Una historia que vuelve a refrescar la rivalidad entre legalidad y delincuencia, entre ambición e integridad, cuya línea separatoria es tan leve que puede traspasarse sin que en realidad calibremos los riesgos. David Ayer se esfuerza en ofrecer alguna lectura secundaria a un convencional frenesí por el que asoman los conflictos interraciales, la dudosa catadura moral de los protectores de la ley y, al fin, la victoria de un cierto orden ético en una sociedad podrida desde el momento en que sus máximos adalides se pliegan ante razones más materialistas. Todo esto regado con las consabidas sorpresas y retruécanos en una narración irrevocable, que no deja tomar aliento y conduce a su explosivo desenlace sin que nos cuestionemos el alcance de su propuesta.

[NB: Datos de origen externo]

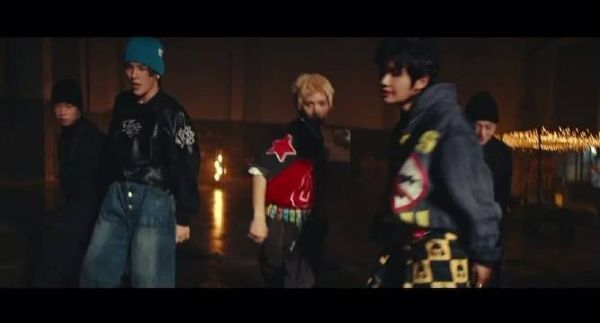 ENONE 官博推出的新歌舞蹈大齐舞,精彩绝伦…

Para incidir en lo abyecto de este submundo de extorsiones e hipocresías, nada mejor que un regusto televisivo en la planificación y el uso de la luz -también al recurrir al célebre Hugh Laurie-. Con la impresión de estar frente a un capítulo prolongado de cierta serie norteamericana, la cámara ampulosa de Ayer nos deja solos frente a tan hediondo panorama, pegándonos a los personajes, al cara a cara del héroe con la muerte, testimoniando con agilidad y desasosiego cuál es el precio que cada uno pone a su propia honradez. Por alto que sea.